Nul ne le sait : on trouve autant d’opinions dans un sens que dans l’autre, autant de partisans de la thèse déflationniste que de partisans de la thèse inflationniste, ou même de la thèse hyperinflationniste.

La réalité est que personne ne sait et surtout que personne ne peut savoir. La seule certitude que j’ai, moi, c’est que l’on ne peut pas savoir.

Rien n’est écrit, rien n’est joué

L’inflation, la vraie, s’installe quand se met en branle l’échelle de perroquet qui symbolise la course entre les prix et les salaires. Or à ce jour, rien ne permet de discerner quoi que ce soit en ce sens. Il n’y a pas de course entre les prix et les salaires, il n’y a pas d’engrenage susceptible de se mettre en branle.
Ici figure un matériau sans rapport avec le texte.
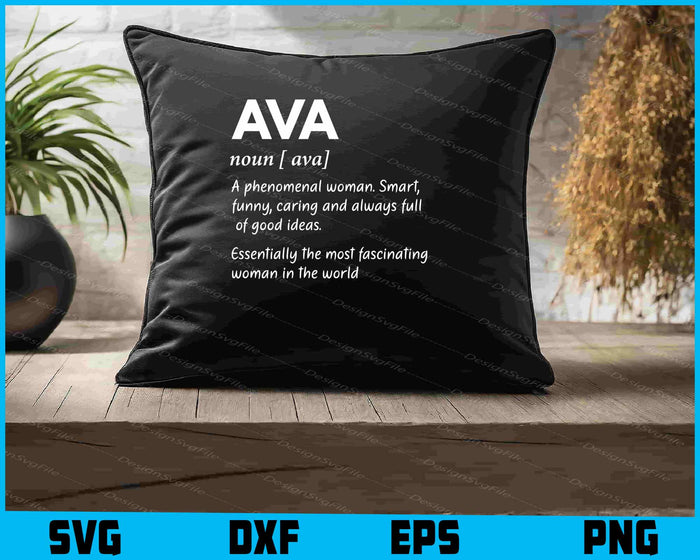Ava Name Nutrition Facts SVG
Il n’y a pas non plus de rapport de forces, pas de tension pour qu’un facteur de production s’approprie une part plus grande du revenu national. L’inflation suppose une tension en action réelle pour s’accaparer une part plus grande du revenu national. Aucun rapport de forces ne va dans cette direction.

Depuis un autre point de vue, l’inflation traduit, exprime, un arbitrage entre les biens et services réels et la détention de monnaie.
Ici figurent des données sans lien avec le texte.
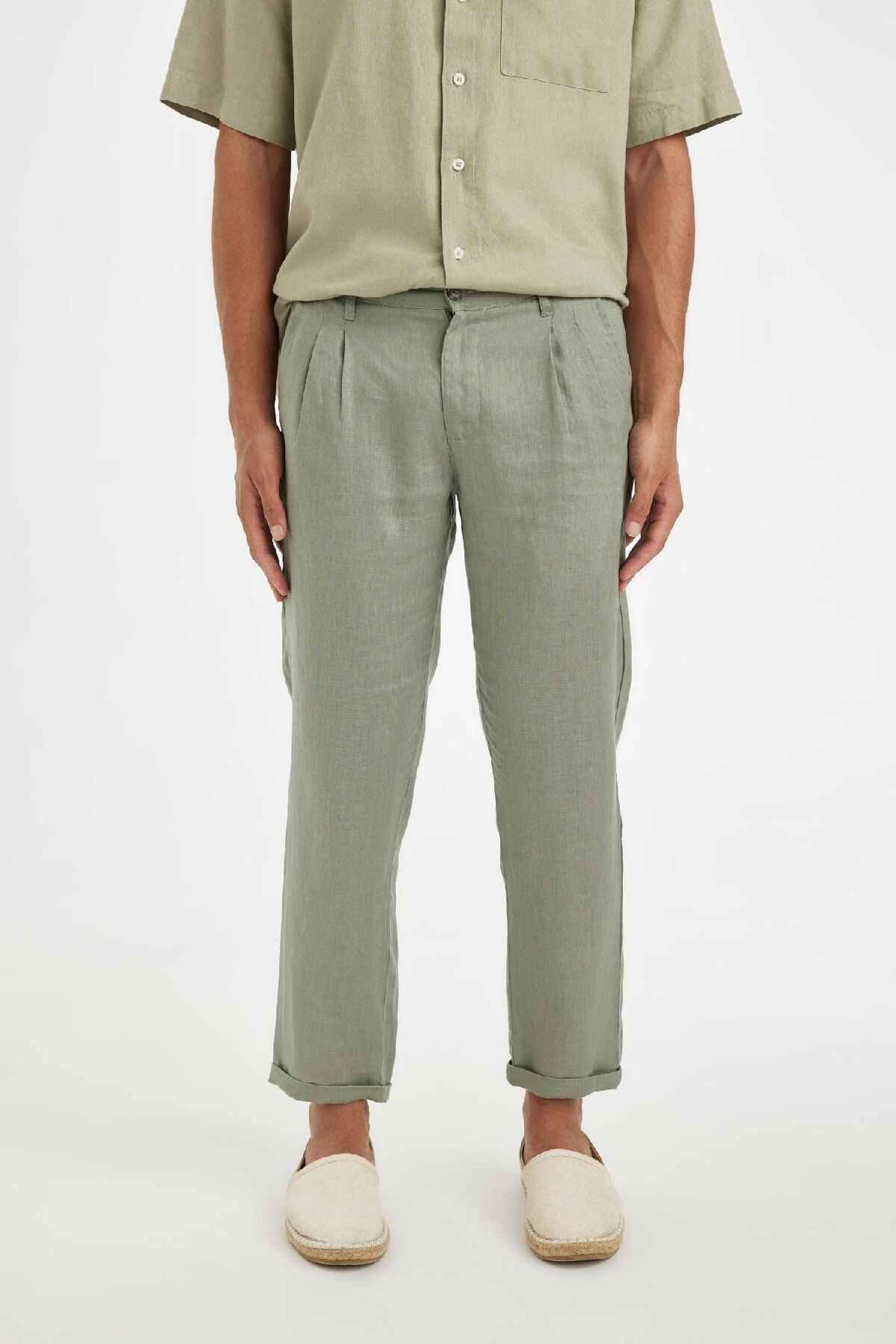 شلوار کتان دو پا را برش دهید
Je ne vois rien à ce stade qui permette de penser que les préférences ont changé, que ces arbitrages changent et que l’on désire moins la possession de monnaie et, symétriquement, plus de biens et de services. Les biens et services ne sont pas plus désirables qu’ils ne l’étaient avant.

Je ne discerne aucune modification dans l’humeur des peuples. Au contraire, ils s’enfoncent dans la morosité, la peur, la rétention.

Destruction de la monnaie

Si l’on adopte encore un autre point de vue, la demande de monnaie, d’encaisses et de papier reste très forte ; le public n’a nullement pris conscience du fait que l’inflationnisme de la création monétaire mine la monnaie et augmente son besoin de destruction.

La hausse de l’or est spectaculaire mais si on y regarde bien, elle est limitée, tant en amplitude qu’en volumes traités. Quand les gens ne veulent plus de monnaie ou d‘encaisses, ils n’achètent pas des biens et services, ils achètent un autre avatar de la monnaie : les fonds d’Etat.

Les conditions qui peuvent donner naissance à la hausse des prix, à son accélération ou même à sa perte de contrôle ne sont pas en place.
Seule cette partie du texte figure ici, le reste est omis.